Despite the important progress seen in the treatment of oncologic diseases over the past few decades, the incidence and mortality associated with malignant melanoma continues to increase (1). Among the most common malignancies in the United States, the incidence of melanoma currently ranks fifth overall when compared to other common cancers (2). As a result of its aggressive behavior and diagnostic challenges, it is responsible for the vast majority of skin cancer-related deaths. This chapter will focus on appropriate screening considerations for melanoma, clinical approaches to diagnosis and confirmation, and updated staging guidelines to facilitate subsequent therapy (1).
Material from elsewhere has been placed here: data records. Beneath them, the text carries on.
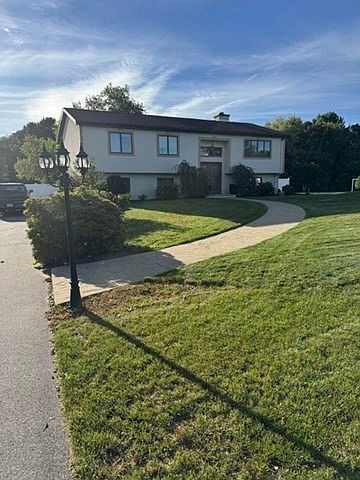 1st image of 10 Radcliff Ln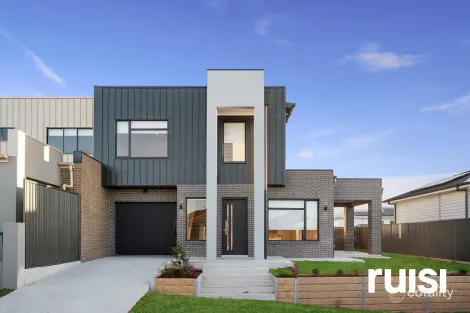 31 Howland Ave, Gregory Hills, NSW 2557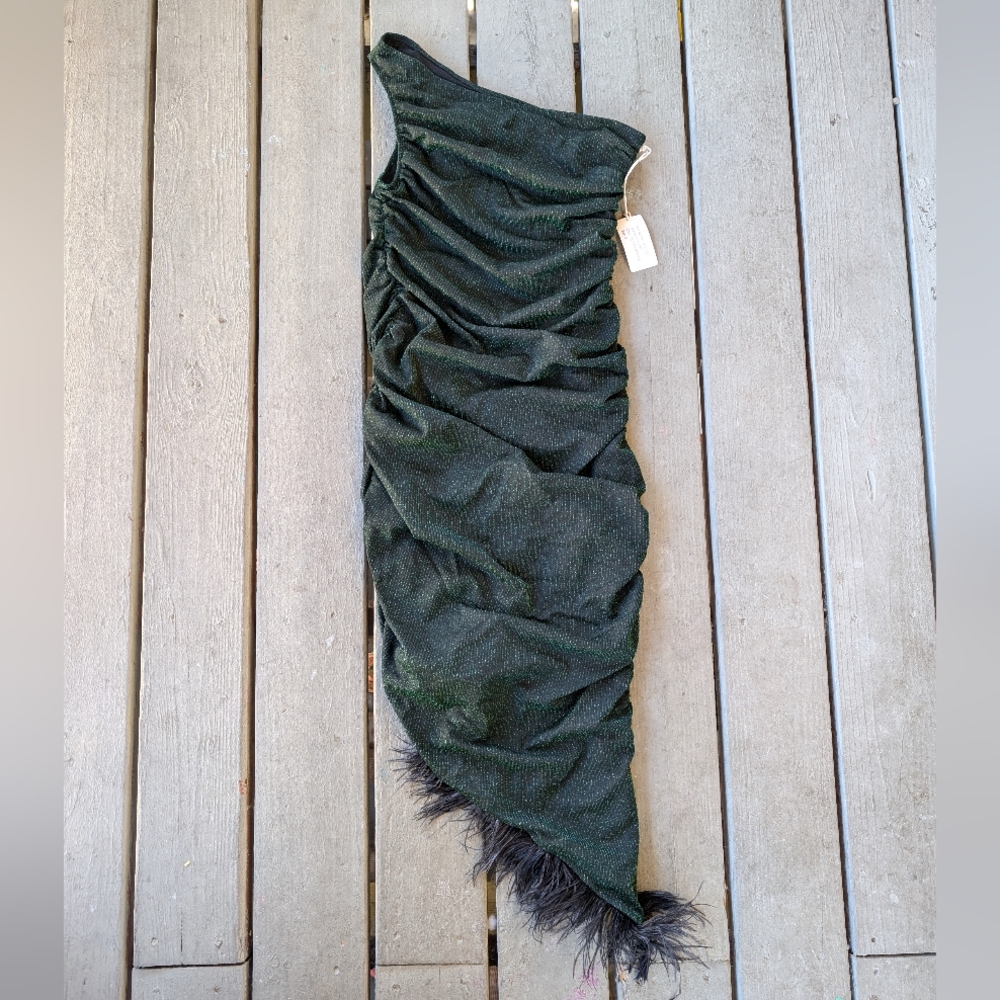 SAYLOR One-Shoulder Emerald Green Feather-Hem Dress - Picture 6 of 14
The New Melanoma Staging System

Cutaneous melanoma evolves from aberrant melanocytes located within the basal layer of the epidermis. These melanocytes are responsible for the production of melanin, a substance which absorbs potentially harmful ultraviolet (UV) radiation. Left unchecked, UV radiation affects integumentary cells by causing direct damage to individual DNA strands. Although UV-induced DNA damage is normally repaired by specific DNA repair mechanisms, genetic or environmentally derived errors within this repair complex can lead to the formation of an invasive melanoma (3, 4).
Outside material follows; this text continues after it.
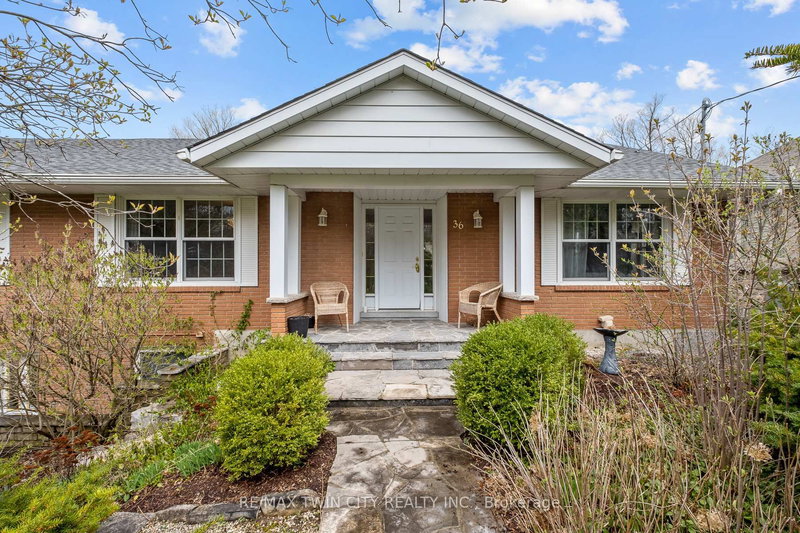 36 Maple Hill Dr, Kitchener, N2M 2R8 | Image 2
Like most other neoplastic conditions, known risk factors of melanoma include genetic defects, environmental exposure, and a combination of both (5). Although multiple genetic syndromes incur a significantly increased risk for the development of cutaneous malignancy (discussed later), inherited phenotypic traits associated with melanoma include fair skin, light hair, red hair, freckles, and light eye color. Unsurprisingly, a positive family history is a strong risk factor for the evolution of this disease. As the number of first-degree relatives with melanoma increases, so does the risk of developing the disease (6). Patients with one first-degree relative with melanoma are 1.7 times more likely to be diagnosed with melanoma, whereas two first-degree relatives incur a nine-fold increase in risk. In addition, as patients with a positive family history grow older, the cumulative risk of melanoma also increases (7).
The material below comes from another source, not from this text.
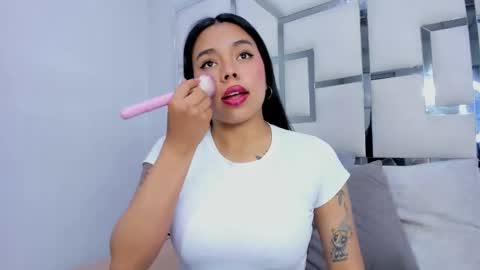 ZoeSwam online show from October 8, 2025, 1:31 pm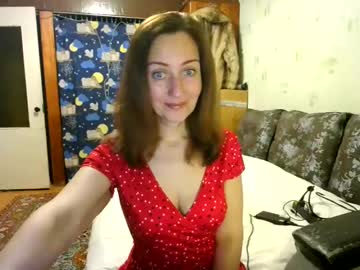 Juliaa_Foxi Chaturbate stream image from December 21, 2024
Regarding environmental risks, UV exposure is the most important and the most potentially modifiable risk factor contributing to the development of melanoma. Compared with those with chronic and continuous exposure, patients with intermittent, more intense exposure to the sun are at much higher risk (4). A history of sunburns, specifically blistering sunburns in childhood and adulthood, can be associated with approximately twice the baseline risk of melanoma development (5). Significant UV radiation exposure before the age of 35 significantly increases the risk of melanoma (7). Although UV-A sunlight has certainly been implicated as a cause of melanoma (e.g., tanning salon-related UV radiation), most skin damage is actually caused by UV-B rays (4).

Treatment Of Melanoma (05.12.2008)

Chronic immunosuppression represents another exposure-related risk factor for melanoma development. Such immunosuppression may be the result of an existing neoplastic condition. For example, approximately 5% of patients with a personal history of melanoma will be diagnosed with a second melanoma (6). In addition, patients with a personal history of nonmelanoma skin cancer have more than a fourfold relative risk of developing melanoma. Other causes of chronic immunosuppression may result from pharmaceutical agents used in the treatment of AIDS, chronic lymphocytic leukemia, non-Hodgkin’s lymphoma, or patients with organ transplantation (7).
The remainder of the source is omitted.